JAX fornisce un sistema estensibile per trasformare funzioni numeriche come
jax.grad, jax.jit e jax.vmap, utilizzando il compilatore XLA per creare
codice altamente ottimizzato che viene scalato in modo efficiente su acceleratori come GPU e
TPU. La potenza principale di JAX risiede nella sua composizione, che consente agli utenti di
combinare queste trasformazioni per creare programmi numerici complessi e ad alte prestazioni
per l'esecuzione distribuita.
MaxText
MaxText è un modello linguistico di grandi dimensioni (LLM) open source ad alte prestazioni progettato per la scalabilità e la personalizzazione. MaxText è basato su JAX e ottimizzato per essere eseguito in modo efficiente su Cloud TPU e GPU.
TPU
Le Tensor Processing Unit (TPU) sono acceleratori progettati su misura creati da Google per ottimizzare i carichi di lavoro di machine learning. A differenza delle CPU per uso generico o delle GPU per l'elaborazione parallela, le TPU sono altamente specializzate per i calcoli massicci di matrici e tensori alla base del deep learning, il che le rende efficienti in questo compito specifico. Il vantaggio principale delle TPU è il rendimento su larga scala.
Questo tutorial utilizza la TPU Trillium, che è la sesta generazione di TPU. Per saperne di più, consulta Vantaggi dell'utilizzo di TPU Trillium.
KubeRay
KubeRay è un operatore Kubernetes che fornisce un modo unificato per eseguire il deployment, gestire e monitorare le applicazioni Ray su Kubernetes.
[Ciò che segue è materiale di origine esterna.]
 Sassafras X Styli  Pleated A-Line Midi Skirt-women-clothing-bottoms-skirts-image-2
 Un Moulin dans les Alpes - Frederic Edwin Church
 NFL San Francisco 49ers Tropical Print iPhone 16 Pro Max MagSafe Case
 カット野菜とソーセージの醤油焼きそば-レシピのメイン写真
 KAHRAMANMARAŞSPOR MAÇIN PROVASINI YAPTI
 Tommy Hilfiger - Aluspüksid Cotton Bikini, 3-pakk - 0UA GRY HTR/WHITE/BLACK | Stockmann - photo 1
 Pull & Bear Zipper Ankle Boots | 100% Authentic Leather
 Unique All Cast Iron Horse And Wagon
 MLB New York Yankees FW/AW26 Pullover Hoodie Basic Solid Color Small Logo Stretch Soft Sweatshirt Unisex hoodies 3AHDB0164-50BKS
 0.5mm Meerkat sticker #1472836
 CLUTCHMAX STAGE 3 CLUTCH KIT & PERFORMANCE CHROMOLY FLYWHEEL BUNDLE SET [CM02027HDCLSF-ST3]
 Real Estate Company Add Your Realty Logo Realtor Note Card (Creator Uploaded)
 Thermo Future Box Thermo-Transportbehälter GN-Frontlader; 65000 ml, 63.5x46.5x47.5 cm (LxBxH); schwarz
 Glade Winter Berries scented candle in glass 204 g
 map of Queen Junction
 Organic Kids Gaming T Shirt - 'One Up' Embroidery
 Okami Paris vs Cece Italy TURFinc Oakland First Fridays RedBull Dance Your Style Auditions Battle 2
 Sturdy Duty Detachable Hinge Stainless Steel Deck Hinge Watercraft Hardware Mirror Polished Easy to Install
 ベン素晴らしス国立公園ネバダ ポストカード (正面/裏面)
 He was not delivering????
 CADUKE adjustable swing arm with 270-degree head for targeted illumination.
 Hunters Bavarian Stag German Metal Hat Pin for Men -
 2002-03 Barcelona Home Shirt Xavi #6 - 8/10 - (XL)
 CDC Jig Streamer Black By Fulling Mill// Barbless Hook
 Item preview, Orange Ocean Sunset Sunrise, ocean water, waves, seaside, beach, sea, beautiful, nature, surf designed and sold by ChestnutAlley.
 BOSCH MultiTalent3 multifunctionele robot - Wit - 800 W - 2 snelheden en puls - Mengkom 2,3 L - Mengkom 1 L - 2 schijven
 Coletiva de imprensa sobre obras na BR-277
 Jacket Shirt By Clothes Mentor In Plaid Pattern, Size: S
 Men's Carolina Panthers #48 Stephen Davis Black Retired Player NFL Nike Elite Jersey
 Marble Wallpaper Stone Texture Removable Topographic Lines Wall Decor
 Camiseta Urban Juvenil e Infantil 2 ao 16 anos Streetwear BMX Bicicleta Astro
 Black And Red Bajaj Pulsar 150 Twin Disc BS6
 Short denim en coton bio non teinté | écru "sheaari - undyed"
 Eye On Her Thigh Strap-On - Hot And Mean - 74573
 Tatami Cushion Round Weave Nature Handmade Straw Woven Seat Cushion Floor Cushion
L'operatore KubeRay viene installato e gestito tramite il componente aggiuntivo Ray su GKE, che è il modo consigliato per eseguire il deployment e gestire i cluster Ray su GKE.
Obiettivi
Questo tutorial mostra gli aspetti seguenti:
- Configura un cluster GKE con un pool di nodi TPU multi-host.
- Configura KubeRay per gestire l'ambiente di addestramento distribuito.
- Crea un'immagine Docker personalizzata che contenga le dipendenze di MaxText, Ray e JAX.
- Crea uno script di addestramento Python che utilizzi
JaxTrainerdi Ray Train per orchestrare il ciclo di addestramento MaxText nella sezione TPU. - Definisci una risorsa personalizzata
RayClusterper eseguire il provisioning dei nodi head e worker con le risorse TPU necessarie. - Invia il job di addestramento a
RayClustere monitorane l'avanzamento. - Utilizza Cloud Storage per archiviare i checkpoint del modello.
Prima di iniziare
- Accedi al tuo account Google Cloud . Se non conosci Google Cloud, crea un account per valutare le prestazioni dei nostri prodotti in scenari reali. I nuovi clienti ricevono anche 300 $di crediti senza costi per l'esecuzione, il test e il deployment dei workload.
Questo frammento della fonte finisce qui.